Now in those first few weeks, we may have been discharged from hospital but we still had NICU nurses coming to our house every other day to weigh Oscar. It became a bit of an obsession for me. How many ounces had he put on in 48 hours? Had he lost or gained? If I timed it right I could get a feed in and then have him weighed, so it looked like he’d put on more when the nurses came. If he pooped just before the nurses arrived I panicked… “Don’t poop it out, Oz, we’ve worked hard on that feed.” Ridiculous. The trouble was, Oscar always use to fall asleep when he fed in those first few weeks. We knew there was a couple of holes in his heart but I think we underestimated in those early days, just how much of a strain it was on his heart to be working for a feed. After about 3 weeks, they started coming round with a fortifier. They’d say that I didn’t have to, but if I wanted to, we could start giving it to Oscar, along side his breast milk. I was reluctant. I’d mastered the breast feeding, I wanted to do it myself. I didn’t want to have to use a fortifier… I was an earth mother, remember?!?!? It took me another 3 weeks to finally give in as I realised that he simply wasn’t putting on the weight he should have been. So when Oscar was 6 weeks old he was prescribed a milk called Infatrini to help build him up. Infatrini is a nutritionally complete, energy and protein dense ready to use feed. It’s for infants with faltering growth or have increased nutritional requirements. I was gutted. I had so wanted to do it myself but I was worn out. I was breast feeding yet because I didn’t know how much he was getting, I was advised to express afterwards and top him up with a bottle. I was spending about 45 minutes breast feeding at a time, another 45 minutes pumping and then by the time I’d done all that, it was time to start all over again. I was exhausted. I got tonsillitis and I was no help to anyone, let alone Oscar. I had been defeated, so I caved and gave him the supplement. And truthfully, it was the best thing I could have ever done.
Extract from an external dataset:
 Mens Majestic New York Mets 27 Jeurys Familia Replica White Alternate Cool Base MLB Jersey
He started putting on weight, he was more settled and in turn, I was less stressed. So I wasn’t going to win the title of “mother of the year”… My baby was happy, which meant, so was I.
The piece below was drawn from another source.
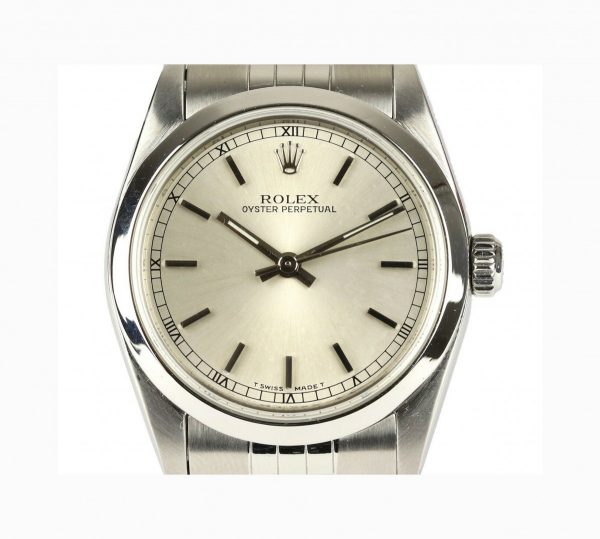 Rolex Oyster Perpetual Midi Wrist Watch, round 31mm stainless steel case, automatic self-winding movement, on a Rolex stainless steel Jubilee bracelet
So that was the beginning of Oscar’s ongoing battle with food. I say battle, it’s more my battle with trying to get Oscar to eat than his. He’s really not fussed and never has been. He’s never really cried for a bottle… He’d have to be starving for that to happen and in those early months, all I wanted to do was get milk into him so I never let him get to the starving point. I listen to all these other mums talk about how their children love food and how they can’t stop eating and realise that Oz has never been motivated by food. I think perhaps initially, because of the complications with his heart, having to feed, was simply far too much effort.

It is not always the case, but sometimes babies/toddlers with DS have hypersensitivity to taste. This can cause gagging or rejection of food if they can’t cope with the different textures. I don’t believe Oscar has sensory issues with food but I do believe that at times he rejects food because it might seem too difficult or too much of an effort to swallow. When we first introduced Oscar to solids, he did pretty well but then all food for small babies is puréed isn’t it? We had to be careful to make sure we placed the spoonful of food into the side of his mouth, so that he had a good chance of being able to swallow it. He had a habit and still does, of pushing the food back out with his tongue, even if he doesn’t necessarily mean to. He’s done brilliantly with finger foods. In true “I’m my own person and I like to do things myself” Oscar style, he likes the finger foods as he’s able to do it himself. He is fiercely independent and loves the fact that he’s in charge. When we’ve progressed to the lumpier or more textured foods, he’s not been as impressed. He’s gotten better but it’s taken a while. I’ve often joked that Oz could live off a diet of cheese and yoghurt. We’ve progressed to quiche now… And strawberries this week, so if he likes it enough, he can eat, hence my reasoning for not thinking he has sensory issues, but I guess it’s just that he’s not a massive eater.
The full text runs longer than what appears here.